Este mes, Gibson’s ganó 44 millones de dólares en daños reales y punitivos por parte de Oberlin, algo que al parecer refleja la exasperación que la universidad provocó en el jurado por haber permitido una turba estudiantil.
En una época en la que hay tanta injusticia social a nuestro alrededor —escuelas de tercera, encarcelación masiva, inmigrantes deshumanizados— es extraño ver que los estudiantes enfurezcan porque se sirve sushi en una cafetería o que defiendan a un ladrón. Se trata de un liberalismo irreflexivo que resulta contraproducente y daña a su propia causa.

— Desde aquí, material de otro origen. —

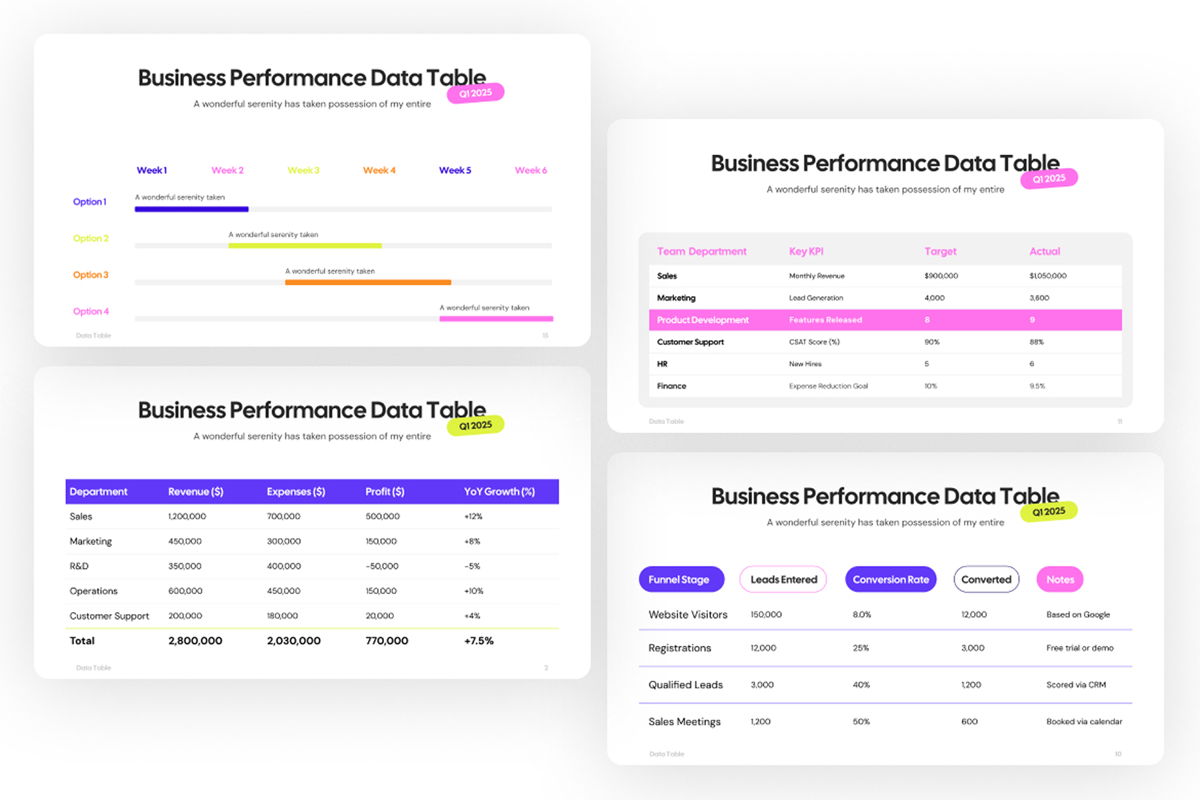 Data Table PowerPoint Template oleh Brandearth di PoweredTemplate ...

Como liberal, casi siempre escribo sobre puntos ciegos conservadores. Sin embargo, en la izquierda y en la derecha podemos enfrascarnos tanto en nuestras narrativas que perdemos perspectiva; nadie tiene el monopolio de la verdad. Si Trump convierte a los progresistas en agentes intolerantes de incivilidad, entonces hemos perdido nuestra alma.
Conforme nos dirigimos a las elecciones con consecuencias monumentales, la polarización aumentará y el temor mutuo estará en ascenso. El desafío será defender nuestros valores… sin traicionarlos.